Directions:
The exercise calls for the lines from the one containing "A bathroom with" to the end of the data below to be output exactly, pictures excluded.
[[ Dataset extract open ]]
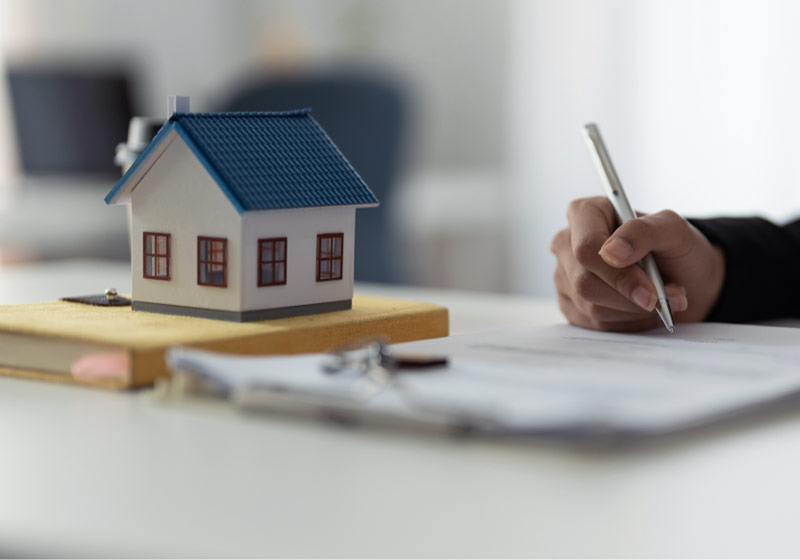 Maqueta de una casa y una persona firmando unos documentos.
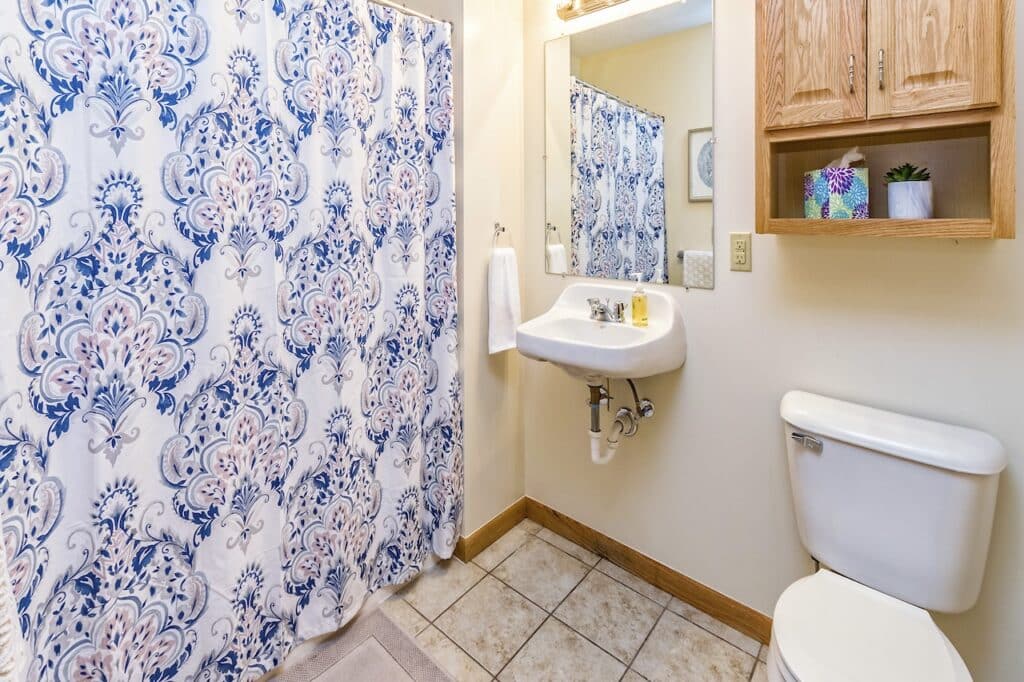 A bathroom with a blue and white floral shower curtain, wall-mounted sink, mirror, wooden cabinet, and toilet. A towel hangs by the sink, and a small plant is on the cabinet.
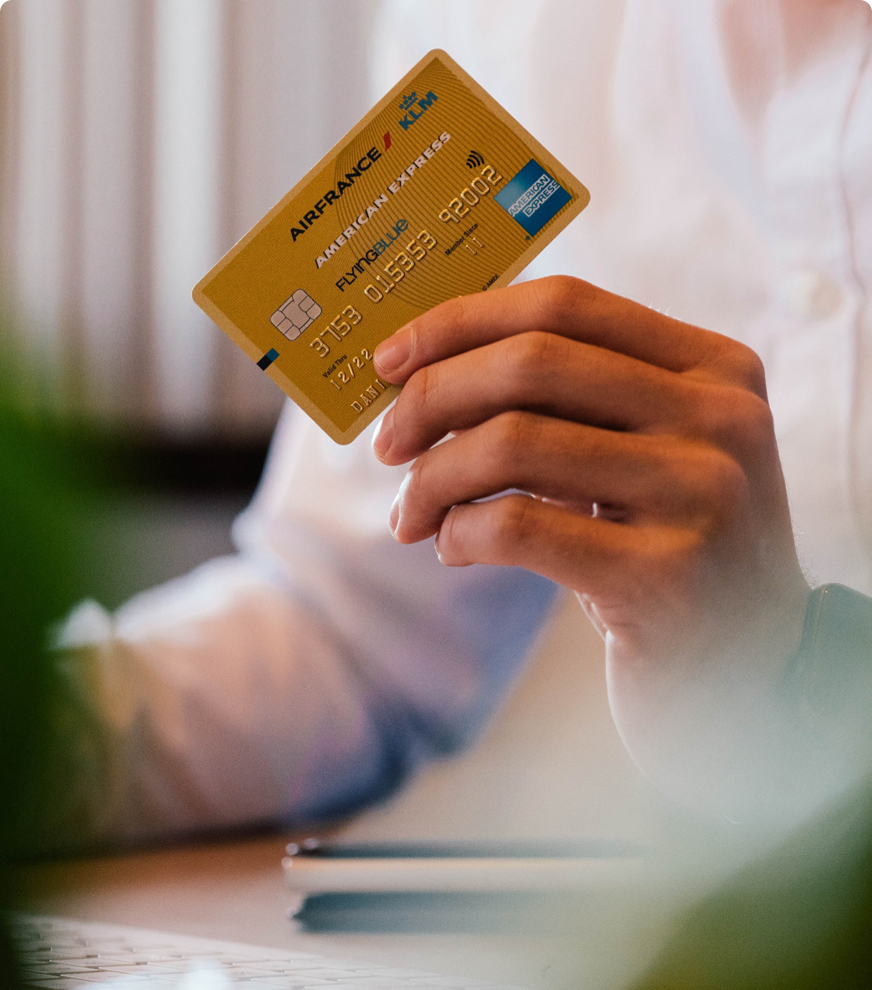 Man holding up a golf Airfrance American Express Credit Card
[[ Dataset extract closed ]]
Exercise answer:
 A bathroom with a blue and white floral shower curtain, wall-mounted sink, mirror, wooden cabinet, and toilet. A towel hangs by the sink, and a small plant is on the cabinet.
 Man holding up a golf Airfrance American Express Credit Card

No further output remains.